Ils dressent aussi les portraits des principaux protagonistes de ces face-à-face – D. Cohen, T. Piketty, O. Blanchard, M. Aglietta, J. Stiglitz, L. Summers, J. Milei, P. Aghion, D. Acemoglu – et de leurs maîtres à penser, de Keynes à Schumpeter… et terminent par un chapitre sur « les tribus » : institutionnalistes, keynésiens, libertariens, libre-échangistes, malthusiens, marxistes, monétaristes et schumpétériens. Une enquête vivante et éclairante, au cœur des idées des hommes et des femmes qui font ou défont l’économie d’aujourd’hui écrite avec le style propre à des journalistes confirmés qui rend aisé la lecture de ce livre.

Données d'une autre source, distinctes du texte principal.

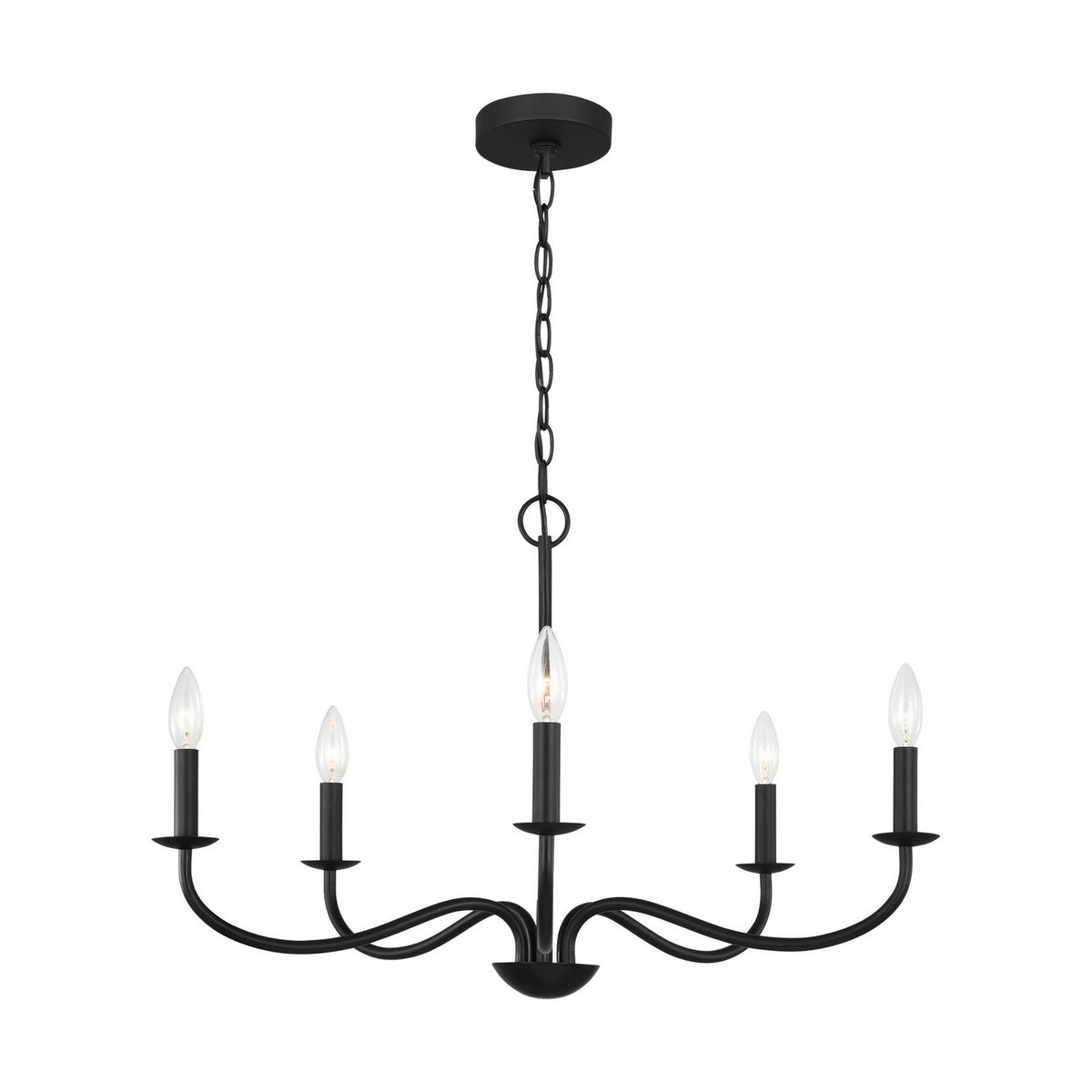 Generation Lighting Canada - GLC1205MBK - Cinq lampes Suspendu - Abells - Noir de minuit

Excellent ouvrage dont le titre est un vrai reflet du livre et de la volonté des auteurs de montrer que l’économie n’est pas une « science exacte », qu’aucune science ne dit ce qu’il faut faire. L’érudition en matière d’histoire de l’économie est notable, les points de vue sont exposés clairement sans parti pris avec une organisation liée à des thèmes d’actualité dans une optique de long terme. Chaque fin de chapitre comprend un résumé des idées et, parfois, un début d’opinion de l’auteur.
On note que les oppositions sont parfois liées à des présupposés idéologiques ou philosophiques, mais ce n’est pas étonnant quand l’on se rappelle l’histoire de cette matière. On aurait pu s’attendre à d’avantage situer les débats dans le temps, montrant ainsi que les économistes savent souvent d’avantage expliquer le passé que préciser l’avenir, et que ce qui est vrai sous certaines conditions ne l’est plus quand celles-ci changent. Le propre d’une science « humaine » est que les vérités d’un moment ne sont pas toujours valides dans des domaines d’étude temporels et géographiques différents. Si l’homo economicus a pu avoir des comportements rationnels, ce n’est plus le cas maintenant pour des raisons multiples dont celles visant à exploiter les biais cognitifs de chaque individu, celles liées au faits filtrés, alternatifs, épistémiques, passés au tamis du ressenti, de l’émotion et de la peur. Le XXI è siècle n’est pas le 18ème siècle, dans ces matières aussi… !
Mais, ainsi que l’indique André Comte-Sponville dans son avant-propos, si « aucune connaissance ne tient lieu de volonté, aucune volonté ne peut se passer de connaissances ».
Ceux qui s’attendent à « savoir qui croire » passeront leur tour, ce qui rend le livre d’autant plus crédible.